Iran and the Eurasian Economic Union signed a three-year provisional agreement in Astana, Kazakhstan, on May 17, 2018, for the bloc to welcome Iran into EEU. The arrangement, which lowers or abolishes customs duties, is the first step toward implementing free trade between Iran and the five members of the union. The PTA came into effect on October 27, 2019. The two sides are currently holding talks to upgrade PTA into a free trade agreement.
Goris-Kapan Highway Blockage
Last month, Azerbaijani forces even blocked part of the land route between Iran and Armenia for a few days.
“Azerbaijani troops blocked two segments of the Goris-Kapan Highway that connects Armenia with Iran,” the head of Kapan community, Gevorg Parsyan, told reporters
“The Azerbaijanis continue to block the Karmrakar-Shurnukh and Goris-Vorotan sections, essentially cutting three Armenian settlements from Armenia. Besides, as a result, we are losing contact with Iran because an alternative route through Tatev cannot facilitate the movement of large trucks," Parsyan added.

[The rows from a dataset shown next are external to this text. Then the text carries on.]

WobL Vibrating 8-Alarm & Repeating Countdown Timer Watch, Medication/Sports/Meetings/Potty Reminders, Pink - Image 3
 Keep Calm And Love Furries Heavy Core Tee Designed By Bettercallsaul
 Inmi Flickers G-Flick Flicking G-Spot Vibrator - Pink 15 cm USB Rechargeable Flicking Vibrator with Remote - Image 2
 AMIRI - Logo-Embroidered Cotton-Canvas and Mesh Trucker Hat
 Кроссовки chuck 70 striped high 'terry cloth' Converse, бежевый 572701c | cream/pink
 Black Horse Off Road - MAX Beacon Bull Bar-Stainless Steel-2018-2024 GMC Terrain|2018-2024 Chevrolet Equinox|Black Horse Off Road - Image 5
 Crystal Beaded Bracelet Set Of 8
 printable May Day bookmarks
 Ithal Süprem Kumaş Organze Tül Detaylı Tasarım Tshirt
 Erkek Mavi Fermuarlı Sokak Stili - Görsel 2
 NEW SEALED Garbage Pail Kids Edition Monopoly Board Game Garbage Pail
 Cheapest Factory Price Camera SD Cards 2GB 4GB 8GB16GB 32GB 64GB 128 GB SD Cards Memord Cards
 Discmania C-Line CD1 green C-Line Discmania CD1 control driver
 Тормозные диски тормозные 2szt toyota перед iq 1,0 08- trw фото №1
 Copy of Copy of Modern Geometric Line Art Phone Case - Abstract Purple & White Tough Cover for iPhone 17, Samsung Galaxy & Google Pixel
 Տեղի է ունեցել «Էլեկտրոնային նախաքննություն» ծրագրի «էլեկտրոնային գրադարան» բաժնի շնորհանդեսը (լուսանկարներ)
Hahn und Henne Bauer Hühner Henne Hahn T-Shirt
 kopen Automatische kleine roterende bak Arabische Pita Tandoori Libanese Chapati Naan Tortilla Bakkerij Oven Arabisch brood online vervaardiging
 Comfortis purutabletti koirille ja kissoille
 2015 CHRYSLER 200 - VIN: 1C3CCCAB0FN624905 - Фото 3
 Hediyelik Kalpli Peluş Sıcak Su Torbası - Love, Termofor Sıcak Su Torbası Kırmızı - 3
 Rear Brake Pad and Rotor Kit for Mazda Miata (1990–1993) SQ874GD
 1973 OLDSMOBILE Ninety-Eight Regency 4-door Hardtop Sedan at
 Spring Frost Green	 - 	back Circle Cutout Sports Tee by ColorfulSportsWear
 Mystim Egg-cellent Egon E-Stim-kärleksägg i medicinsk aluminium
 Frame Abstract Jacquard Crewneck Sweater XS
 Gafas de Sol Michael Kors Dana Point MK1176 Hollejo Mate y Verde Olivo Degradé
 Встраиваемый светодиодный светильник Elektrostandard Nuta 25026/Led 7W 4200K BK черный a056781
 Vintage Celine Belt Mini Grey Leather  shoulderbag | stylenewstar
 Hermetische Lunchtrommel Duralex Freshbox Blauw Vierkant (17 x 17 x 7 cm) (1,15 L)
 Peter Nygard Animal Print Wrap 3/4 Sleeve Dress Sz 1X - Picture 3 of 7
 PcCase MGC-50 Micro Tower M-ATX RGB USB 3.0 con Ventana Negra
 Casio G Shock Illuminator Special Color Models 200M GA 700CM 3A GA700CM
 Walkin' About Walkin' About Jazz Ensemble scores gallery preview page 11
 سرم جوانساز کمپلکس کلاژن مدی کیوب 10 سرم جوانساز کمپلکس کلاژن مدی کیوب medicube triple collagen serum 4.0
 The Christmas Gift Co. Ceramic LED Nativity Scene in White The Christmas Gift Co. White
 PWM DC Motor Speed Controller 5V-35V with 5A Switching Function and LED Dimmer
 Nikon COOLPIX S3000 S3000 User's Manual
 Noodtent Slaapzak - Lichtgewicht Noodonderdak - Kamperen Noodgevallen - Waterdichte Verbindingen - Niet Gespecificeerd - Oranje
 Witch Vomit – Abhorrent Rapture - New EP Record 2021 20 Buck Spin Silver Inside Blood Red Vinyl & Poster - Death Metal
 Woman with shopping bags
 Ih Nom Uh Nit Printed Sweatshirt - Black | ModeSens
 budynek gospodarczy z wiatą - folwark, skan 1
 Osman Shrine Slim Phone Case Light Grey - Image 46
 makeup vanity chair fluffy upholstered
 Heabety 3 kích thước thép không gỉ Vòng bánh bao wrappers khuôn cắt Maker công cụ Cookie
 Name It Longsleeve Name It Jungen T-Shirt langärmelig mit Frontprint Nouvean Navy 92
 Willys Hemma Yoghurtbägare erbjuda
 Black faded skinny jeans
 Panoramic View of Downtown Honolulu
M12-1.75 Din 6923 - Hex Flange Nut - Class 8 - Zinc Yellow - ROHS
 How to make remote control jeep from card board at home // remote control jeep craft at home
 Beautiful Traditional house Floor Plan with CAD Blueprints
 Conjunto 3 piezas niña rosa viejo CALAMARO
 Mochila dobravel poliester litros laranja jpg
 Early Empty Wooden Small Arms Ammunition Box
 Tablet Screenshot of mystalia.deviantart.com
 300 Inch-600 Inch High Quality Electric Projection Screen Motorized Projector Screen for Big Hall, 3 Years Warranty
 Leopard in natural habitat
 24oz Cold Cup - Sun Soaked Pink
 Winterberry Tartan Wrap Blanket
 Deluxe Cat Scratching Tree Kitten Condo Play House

Armenian Prime Minister Nikol Pashinyan said later that the move violated agreements among Yerevan, Baku and Moscow. In accordance with the statement adopted by the leaders of Russia, Armenia and Azerbaijan on November 9, 2020, seven districts adjacent to the disputed Nagorno-Karabakh region were handed over to Baku with the exception of the Lachin Corridor connecting Armenia and Nagorno-Karabakh.
The Karmrakar-Shurnukh and Goris-Vorotan segments of the highway connecting Armenia with Iran were also handed over to Azerbaijan but a Russian border post was set up there to ensure the free movement of people and vehicles, TASS reported.
Iranian Ambassador to Azerbaijan Abbas Mousavi held a discussion with the Azerbaijani Deputy Prime Minister Shahin Mustafayev on the state of traffic on the Gorus-Gafan road during a meeting, Trend News Agency reported on Saturday, citing the Iranian Embassy in Azerbaijan.
According to the report, during the meeting, the new situation on the border between Azerbaijan and Armenia, the new conditions of traffic on the Gorus-Gafan road and other issues were discussed.
Gorus-Gafan highway connects Armenia with Iran. A small section of this route passes through the territory of Azerbaijan via Eyvazli Village of the Gubadli region. Recently, a number of Armenian media outlets reported that Azerbaijani police and customs officers were inspecting Iranian trucks crossing the territory of the republic.
Earlier on Friday, Iran’s President Ebrahim Raeisi and Armenia’s Prime Minister Nikol Pashinyan discussed ways of deepening bilateral commercial ties complicated by an Azerbaijani checkpoint set up on the main highway connecting the two neighboring states.
Raeisi and Pashinyan met on the sidelines of a Collective Security Treaty Organization summit in Tajikistan as Azerbaijani officers stopped and demanded hefty payments from Iranian trucks transporting goods to and from Armenia for the sixth consecutive day, MassisPost reported on Sept. 17.
More than a hundred such trucks were reportedly stranded on Thursday at a 21-kilometer section of the highway joining Goris to Kapan. Azerbaijani authorities set up the checkpoint there on Sunday after again accusing Iranian trucks of illegally shipping cargos to Nagorno-Karabakh.
The Armenian government’s press office said Pashinyan and Raeisi discussed, among other things, ways of “organizing unfettered cargo shipments between the two countries” as well as “processes taking place in the region.”
According to the statement posted on the Iranian Foreign Ministry’s website, Pashinyan pledged to “instruct relevant ministers” to remove the obstacles.
It was Pashinyan’s second meeting with Raeisi in less than two months. The two men held their first face-to-face talks in early August when the Armenian premier visited Tehran to attend Raeisi’s swearing-in ceremony held in the Iranian Parliament.
During those talks, Pashinyan reaffirmed his government’s readiness to have Iranian companies participate in its plans to refurbish Armenian highways leading to the Islamic Republic. The two governments set up in May a working group tasked with looking into practical aspects of implementing such a project.